By: Gloria MacKay
This is the first in a series of articles by our newest contributing writer, Gloria MacKay of Trilogy at Redmond Ridge. Gloria is a writer of poetry and essays, and she will be sharing her thoughts and reflections with her fellow Trilogy members through this series entitled Sense of Place.
When I come upon a lemon lingering in the crisper, I don’t want some knee-jerk optimist telling me I should turn it into lemonade. When I want to cook from scratch, I do desserts.
How much lemonade can you get from one lemon, anyway? Even metaphorically speaking, it’s scarcely worth the squeeze.

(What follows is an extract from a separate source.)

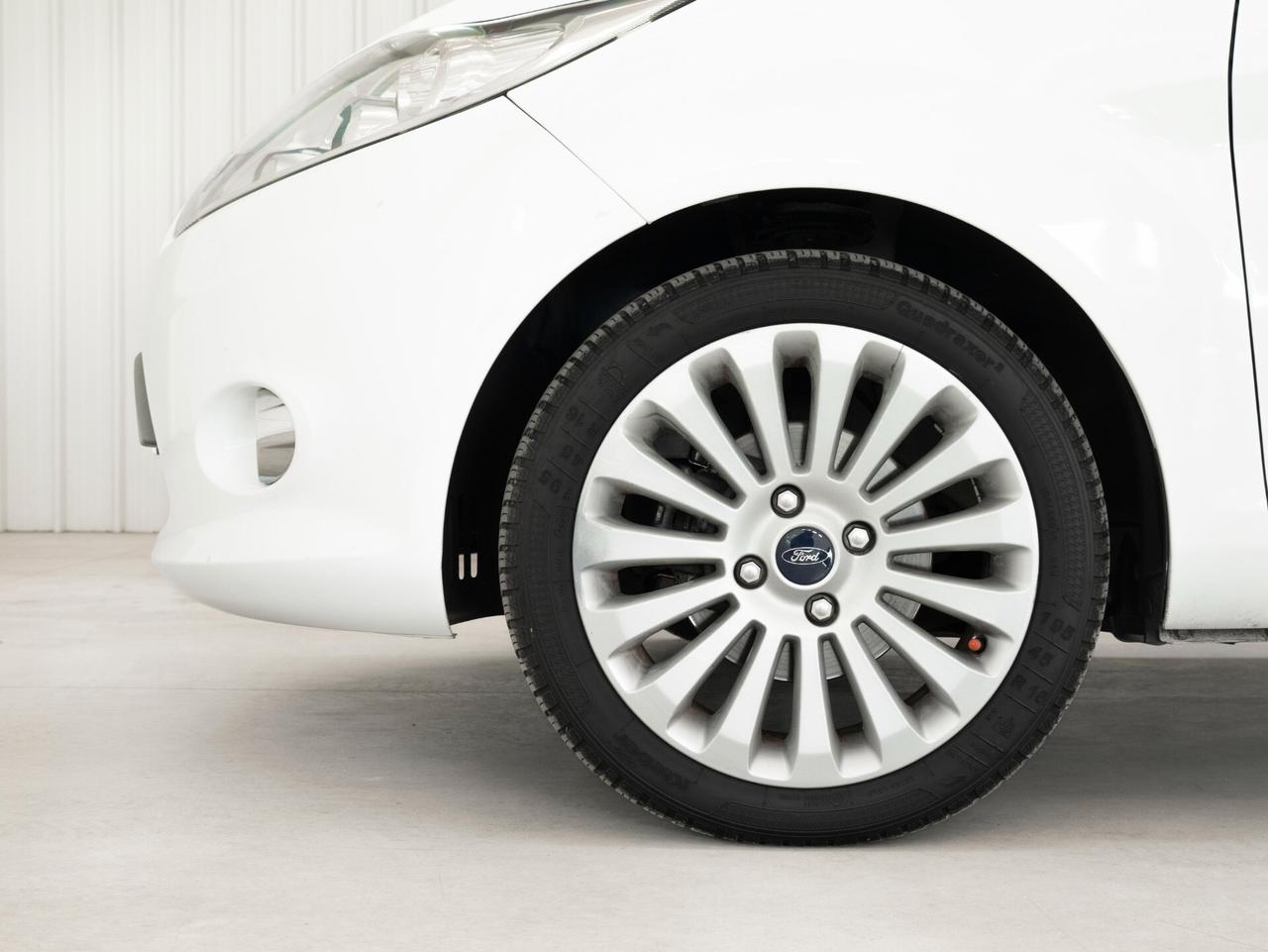 Ford Fiesta 1.4 3 porte Bz.- GPL Titanium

What I tend to do is shove it down the garbage disposal and wait for the splat. (This makes a great air freshener.)
I’ve never strived to be an optimist—like Pollyanna, the little orphan girl who plays the ‘glad game’ in a series of children’s books written by a succession of authors, presumably all equally glad. I read one or two and switched to Nancy Drew.

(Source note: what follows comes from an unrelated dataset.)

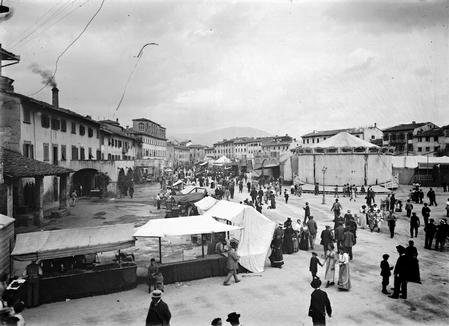 Piazza Mercatale. La Fiera di Prato (a.1911)
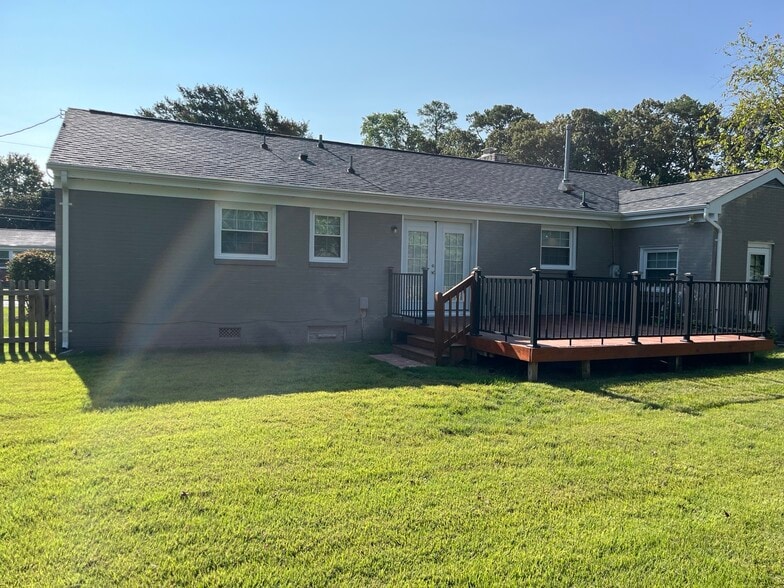 Backyard - 12 Fairway Ln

Even now, when I wake up in the middle of the night to darker darkness than usual—no digital time, no street lights and no moon at all—I am not inclined to scrounge for candles, thinking “isn’t this going be fun?” I dig for the flashlight, scurry to the bathroom, and crawl back to bed. The best way for a non-optimist to deal with power failures is to sleep them off.
There was an exception.
Beyond the wooded lot across the street, sheets of turquoise flashed across the sky, and ‘pow pow’s’ peppered the air as though giants were playing war. I stepped outside, crunching a path in the grass with my bare feet. My intention was to see the line of demarcation between us, stranded up here in the dark, and them, asleep in the distance with freezers humming and nightlights aglow. But the only lights were sky lights.